(Source data)
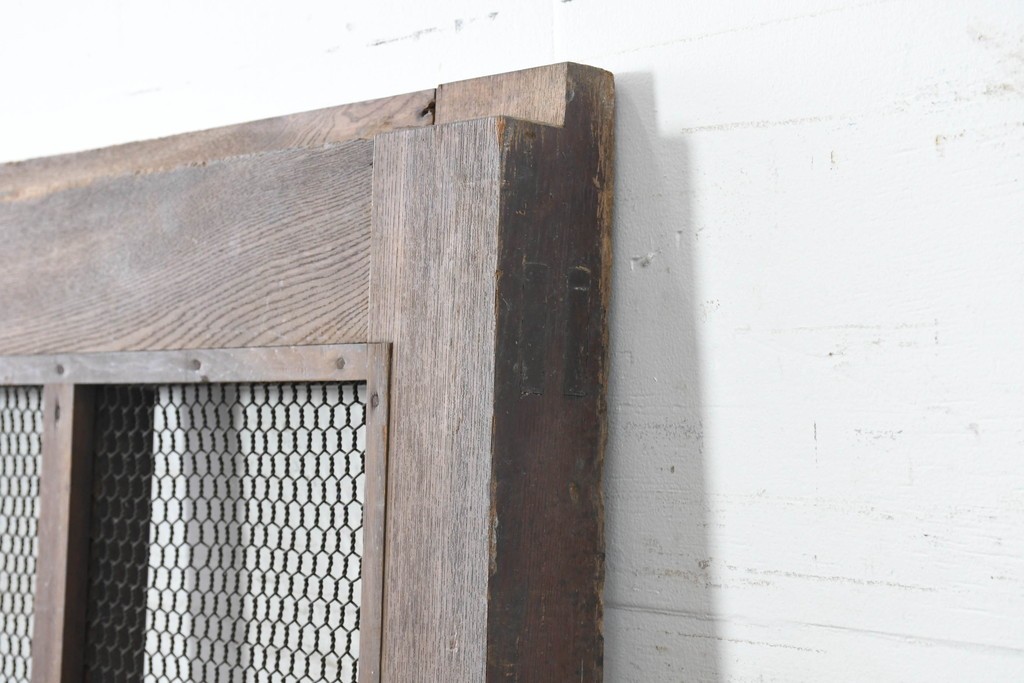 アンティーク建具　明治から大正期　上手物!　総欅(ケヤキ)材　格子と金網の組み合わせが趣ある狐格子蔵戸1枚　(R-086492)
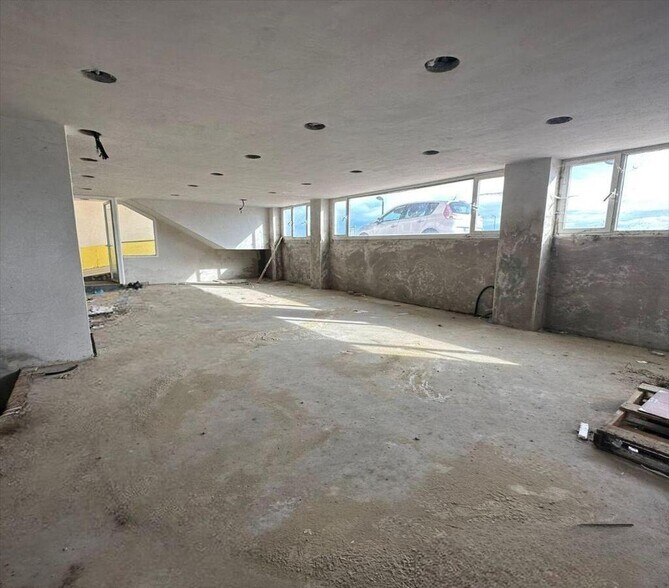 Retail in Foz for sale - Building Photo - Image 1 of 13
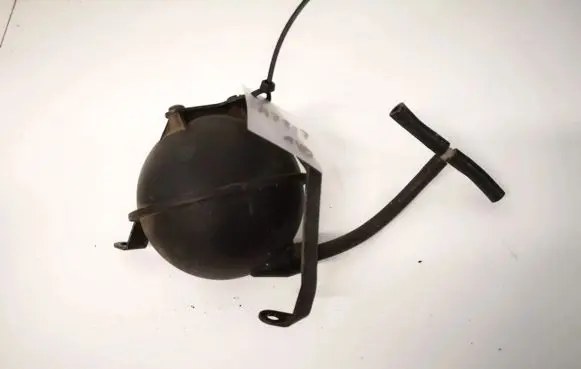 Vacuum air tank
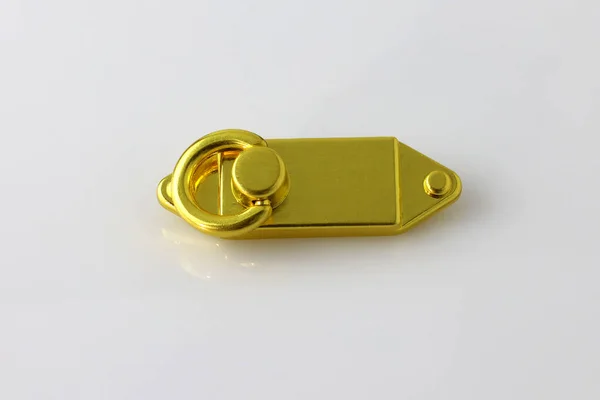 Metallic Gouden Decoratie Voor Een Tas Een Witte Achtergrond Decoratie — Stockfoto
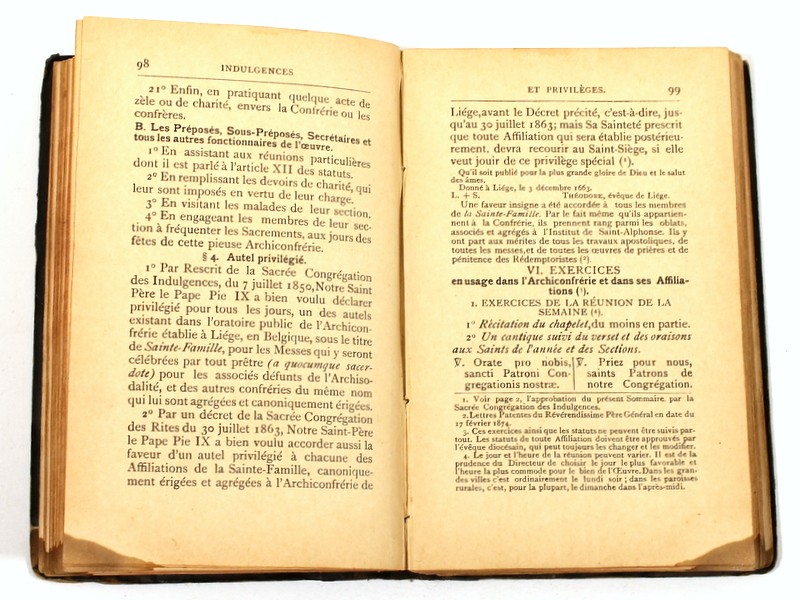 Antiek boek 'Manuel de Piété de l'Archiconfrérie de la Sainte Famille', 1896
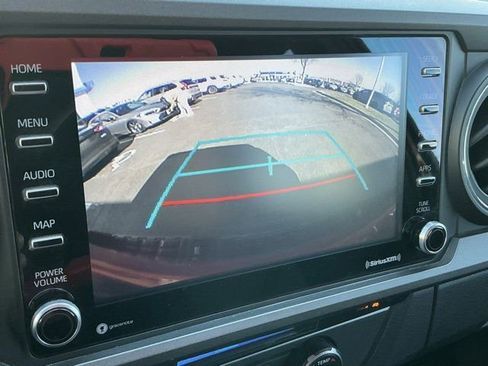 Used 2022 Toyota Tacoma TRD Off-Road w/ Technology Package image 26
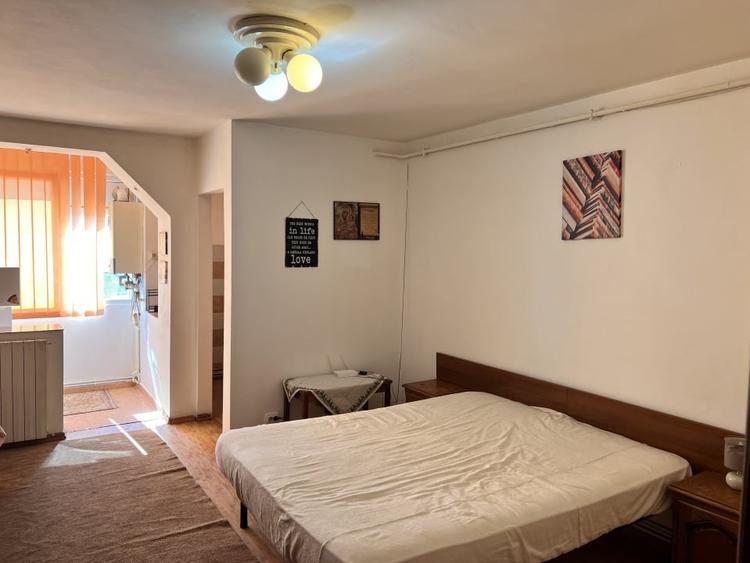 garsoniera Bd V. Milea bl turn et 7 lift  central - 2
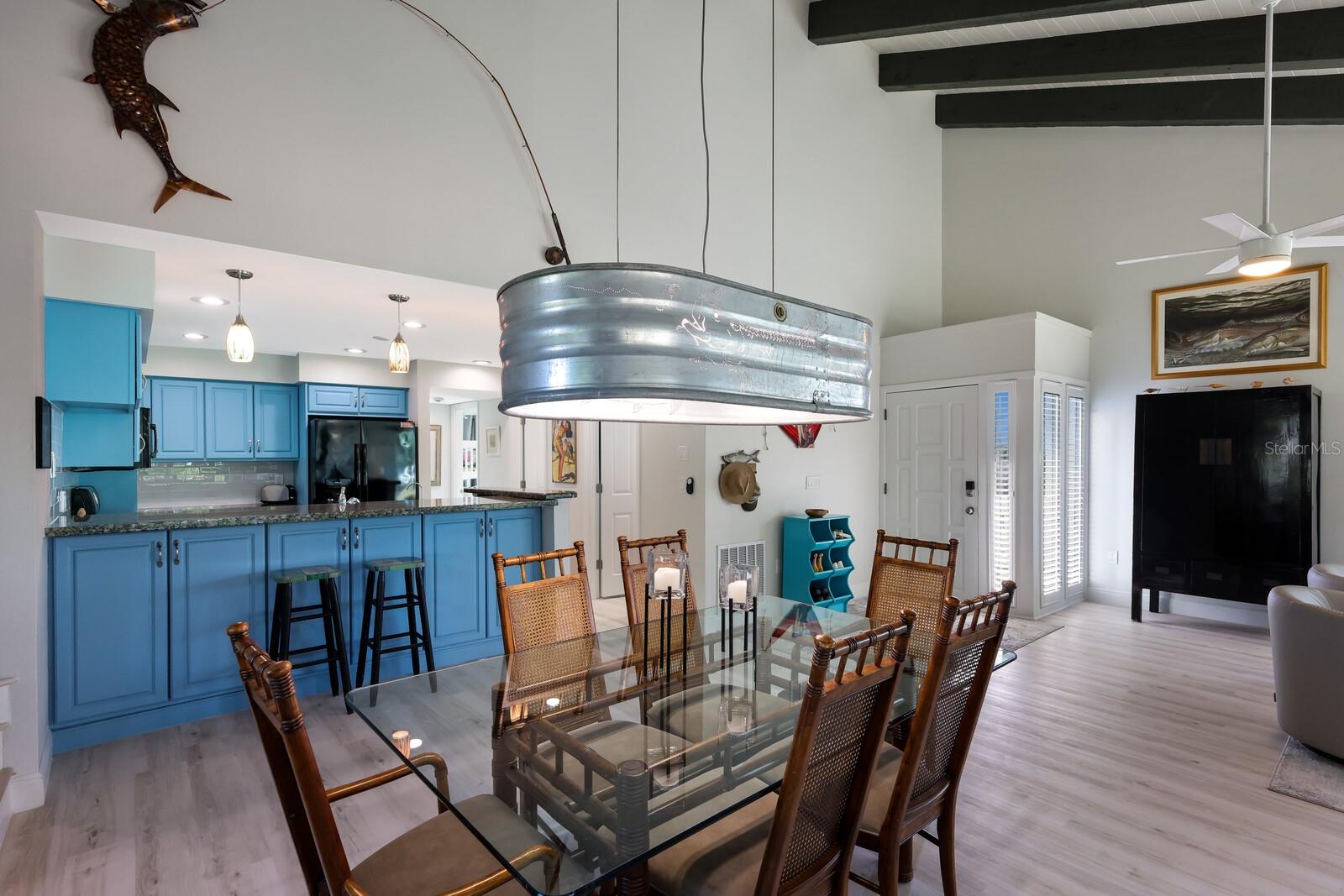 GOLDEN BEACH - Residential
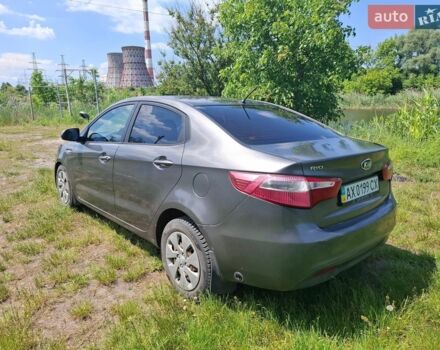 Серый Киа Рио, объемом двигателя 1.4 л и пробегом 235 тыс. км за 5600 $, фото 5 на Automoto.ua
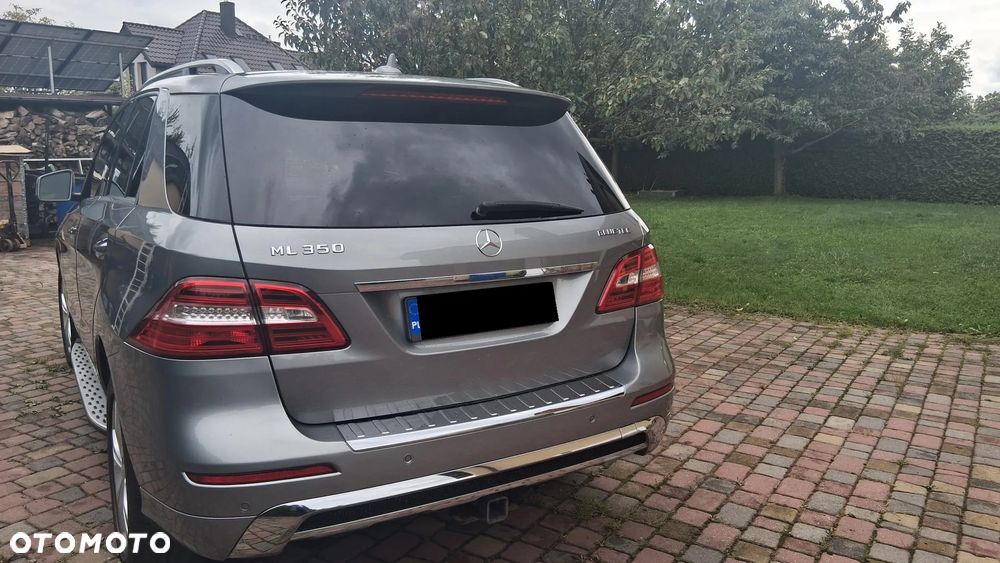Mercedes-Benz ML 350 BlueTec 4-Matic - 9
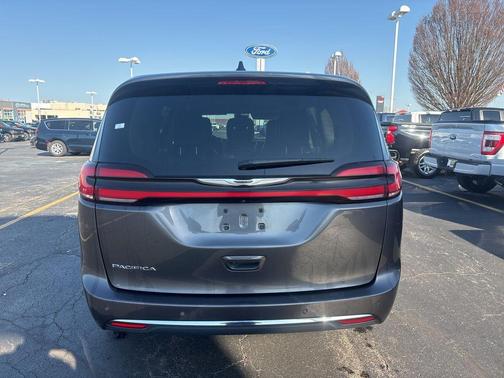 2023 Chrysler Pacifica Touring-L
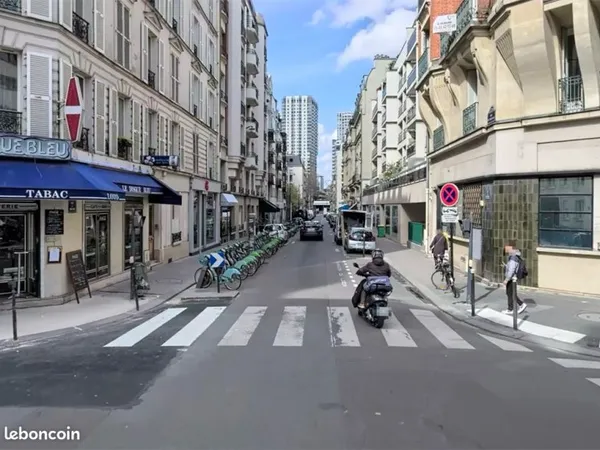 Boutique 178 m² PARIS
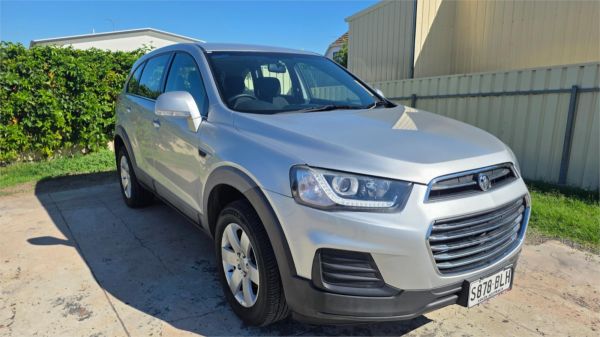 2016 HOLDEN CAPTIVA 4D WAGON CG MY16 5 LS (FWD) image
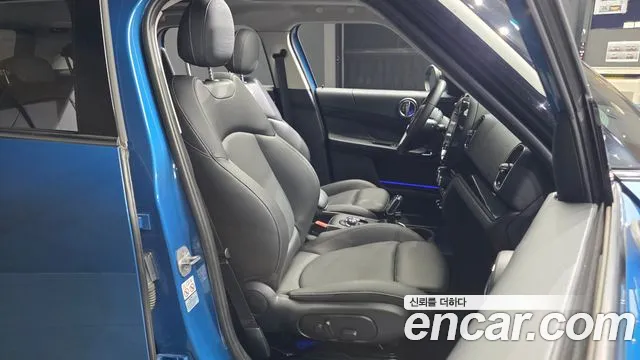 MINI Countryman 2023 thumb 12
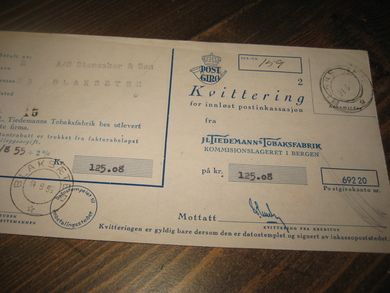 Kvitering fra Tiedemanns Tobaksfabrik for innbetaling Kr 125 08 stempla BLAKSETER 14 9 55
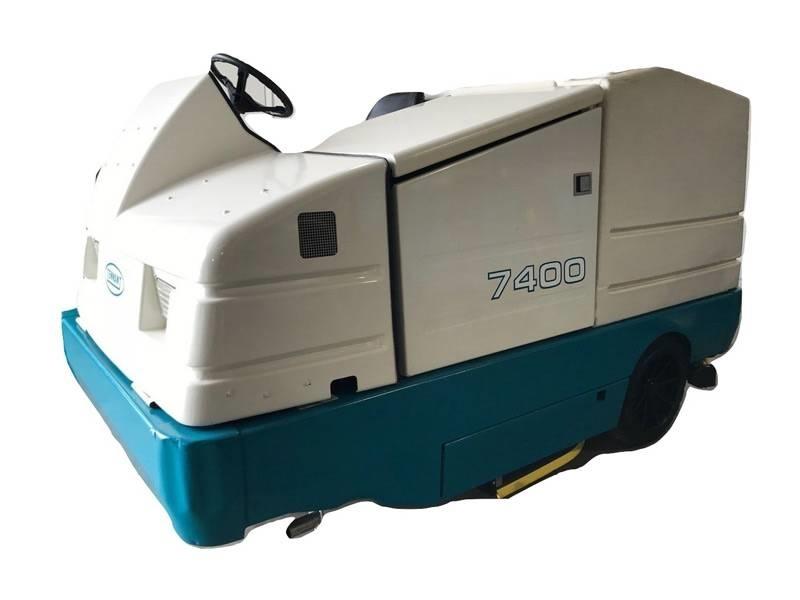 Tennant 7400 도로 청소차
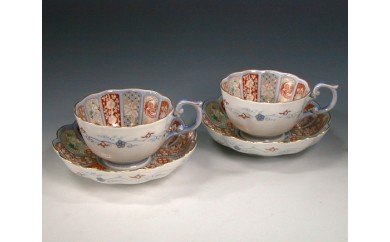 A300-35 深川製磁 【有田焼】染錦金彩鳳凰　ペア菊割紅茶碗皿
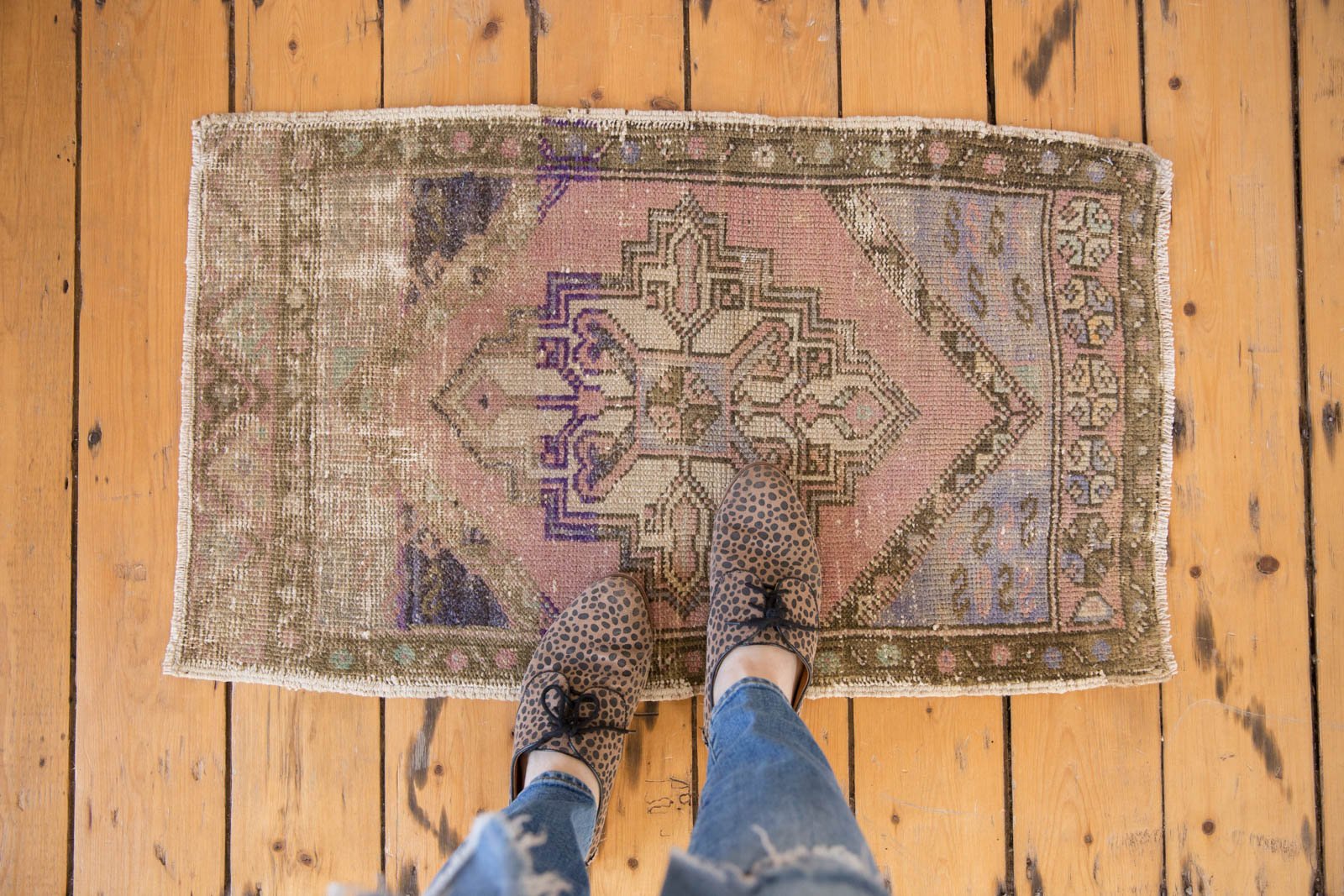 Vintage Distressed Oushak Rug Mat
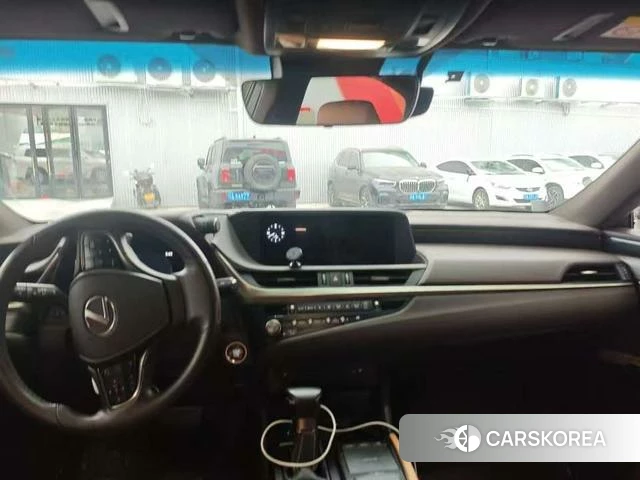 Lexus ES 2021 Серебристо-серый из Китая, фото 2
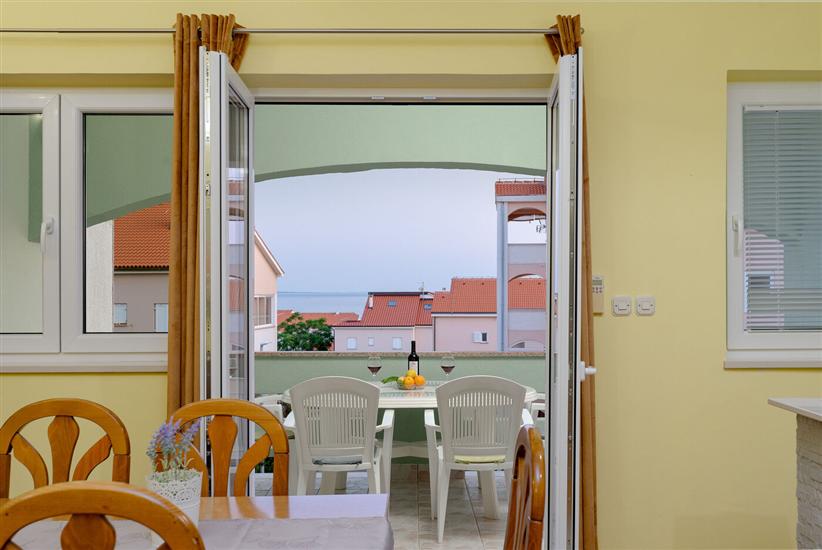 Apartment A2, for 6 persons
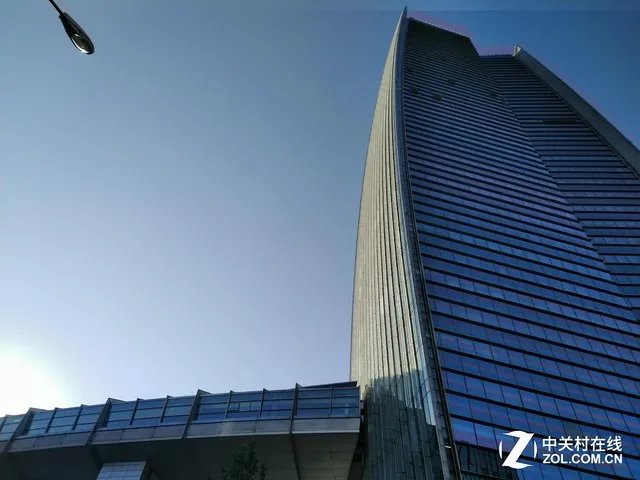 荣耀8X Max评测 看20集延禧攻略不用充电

▶ PROBLEM
In the answer, the lines from the one containing "Boutique 178 m² PARIS" to the end of the records above must be written out exactly, both ends included; the pictures must not appear.

▶ ANSWER TO THIS EXERCISE
 Boutique 178 m² PARIS
 2016 HOLDEN CAPTIVA 4D WAGON CG MY16 5 LS (FWD) image
 MINI Countryman 2023 thumb 12
 Kvitering fra Tiedemanns Tobaksfabrik for innbetaling Kr 125 08 stempla BLAKSETER 14 9 55
 Tennant 7400 도로 청소차
 A300-35 深川製磁 【有田焼】染錦金彩鳳凰　ペア菊割紅茶碗皿
 Vintage Distressed Oushak Rug Mat
 Lexus ES 2021 Серебристо-серый из Китая, фото 2
 Apartment A2, for 6 persons
 荣耀8X Max评测 看20集延禧攻略不用充电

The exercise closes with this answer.